PROBLEM TO SOLVE
All the data should be repeated exactly. Any image in it is left out.

PROVIDED MATERIAL
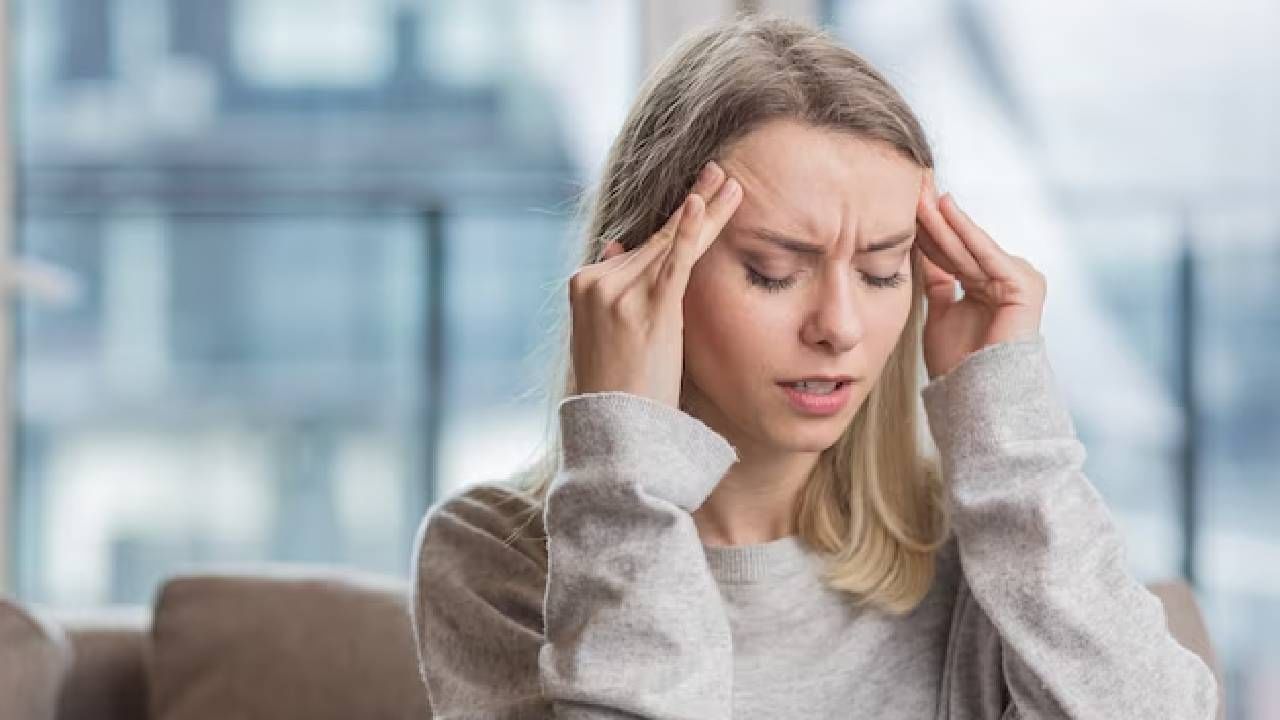 कधीकधी डोकेदुखी इतकी वाढते की ती एका आजाराचे रूप घेते ज्याला आपण मायग्रेन म्हणतो. ही डोकेदुखी व्हिटॅमिन डीच्या कमतरतेमुळे होऊ शकते. वास्तविक, व्हिटॅमिन डीचा मेंदूच्या ॲक्टिव्हिटी आणि न्यूरल फंक्शन वर मोठ्या प्रमाणात परिणाम होतो. त्यामुळे वेळोवेळी डोकेदुखीचा त्रास होऊ लागतो. 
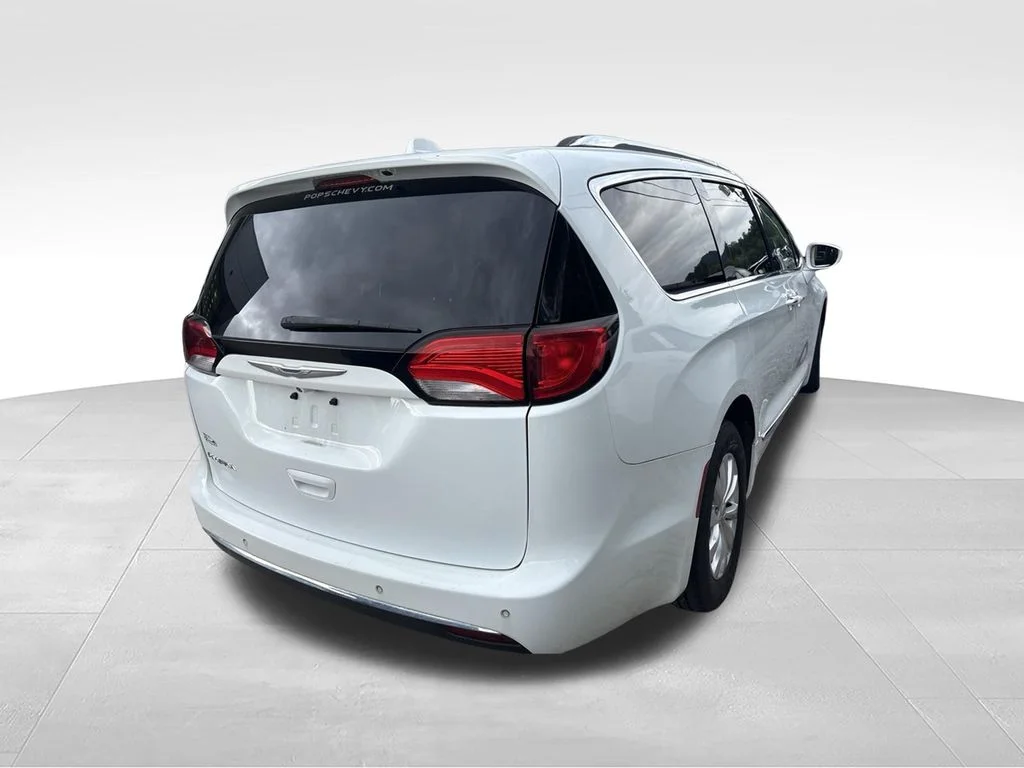 Used 2018 White Chrysler Touring L image 4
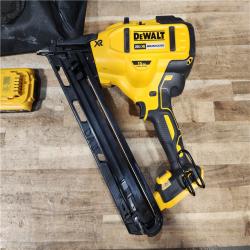 HOUSTON LOCATION - AS - IS DEWALT 20V MAX XR Lithium-Ion Cordless 2-1/2 in. 15-Gauge Finish Nailer Kit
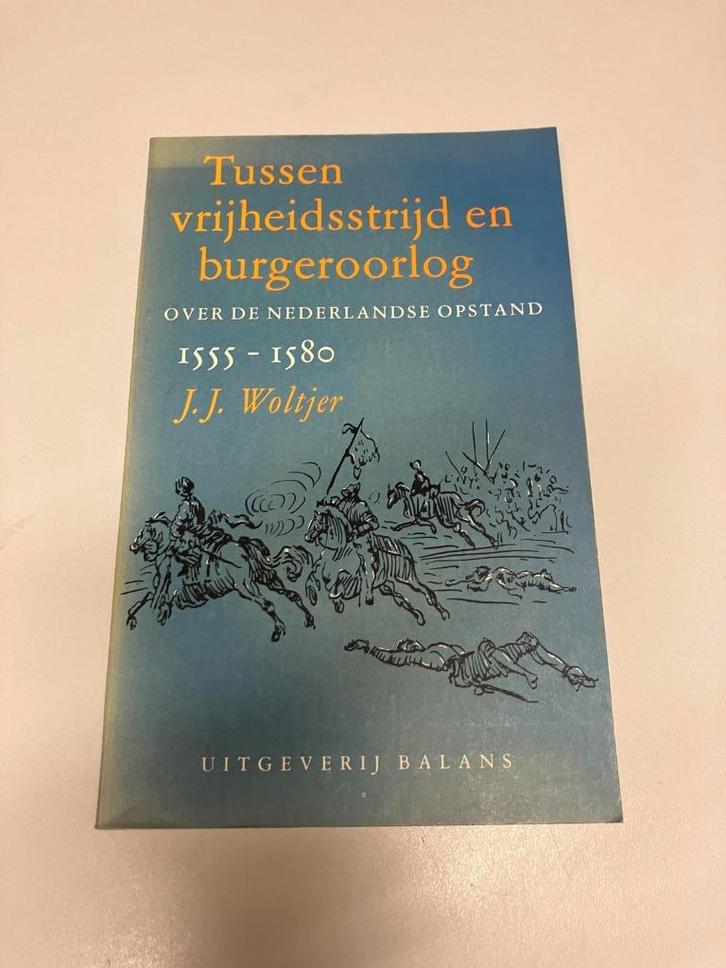 Tussen vrijheidsstrijd en burgeroorlog, Boeken, Oorlog en Militair, Gelezen, Algemeen, Voor 1940, Ophalen of Verzenden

RESULT OF THIS EXERCISE
 कधीकधी डोकेदुखी इतकी वाढते की ती एका आजाराचे रूप घेते ज्याला आपण मायग्रेन म्हणतो. ही डोकेदुखी व्हिटॅमिन डीच्या कमतरतेमुळे होऊ शकते. वास्तविक, व्हिटॅमिन डीचा मेंदूच्या ॲक्टिव्हिटी आणि न्यूरल फंक्शन वर मोठ्या प्रमाणात परिणाम होतो. त्यामुळे वेळोवेळी डोकेदुखीचा त्रास होऊ लागतो. 
 Used 2018 White Chrysler Touring L image 4
 HOUSTON LOCATION - AS - IS DEWALT 20V MAX XR Lithium-Ion Cordless 2-1/2 in. 15-Gauge Finish Nailer Kit
 Tussen vrijheidsstrijd en burgeroorlog, Boeken, Oorlog en Militair, Gelezen, Algemeen, Voor 1940, Ophalen of Verzenden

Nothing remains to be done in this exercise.